Maintenant les vices cachés, il s'agit d'une garantie légale qui doit répondre à trois critères: être caché, c'est à dire non apparent lors de l'achat (pas forcément dissimulé par le vendeur qui peut lui même ne pas être au courant), rendre le bien impropre à l'usage auquel on le destine ou diminuer très fortement son usage, exister au moment de l'achat.
Tu as acheté un cheval pour du loisir, il se trouve que ce cheval n'est pas montable pour des raisons vétérinaires et ces raisons existaient dès l'achat du cheval. Tu pourras agir sur le fondement des vices cachés, mais il faudra prouver que ce défaut existait lors de l'achat du cheval, c'est point le plus délicat.

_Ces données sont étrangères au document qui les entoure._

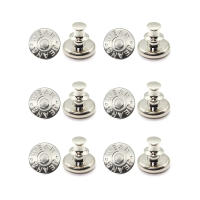 6pcs Botones De Malla Ajustables Y Desmontables Vintage Metálicos Para Ropa Accesorio I-Boton Costura Libre Garantía De Calidad - details 2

Ca ressemble à l'erreur hein?! Eh oui. Tu pourrais très bien agir sur le fondement de l'erreur aussi. Mais une différence notable apparaît pour l'erreur: l'erreur sur les motifs (sur les raisons qui t'ont poussées à contracter) n'est pas admise. Or dans les vices cachés on voit apparaître la notion d'usage auquel le bien était destiné, ce qui se rapproche des motifs. Tu voulais un cheval pour faire de la balade, du loisir, c'est la raison pour laquelle tu as acheté ce cheval, c'est le motif de l'achat. Invoquer l'erreur te sera sans aucun doute difficile si le cheval n'est pas montable, on considérera que tu voulais un cheval et que tu as un cheval, pas d'erreur. Mais le vice caché sera possible, car le cheval est impropre à l'usage auquel il était destiné.
Enfin la dernière différence majeure, c'est ce que tu peux obtenir en démontrant qu'il y a vices du consentement ou vices cachés. Pour les vices du consentement, c'est la nullité du contrat: je te rends le cheval, tu me rends mon pognon. Pour les vices cachés on peut obtenir une diminution du prix du bien à hauteur de ce qu'il vaut vraiment avec ce vice, donc tu n'as pas à rendre le cheval.
Tout cela n'est en effet que subtilité juridique. Peut être suis je aller trop loin.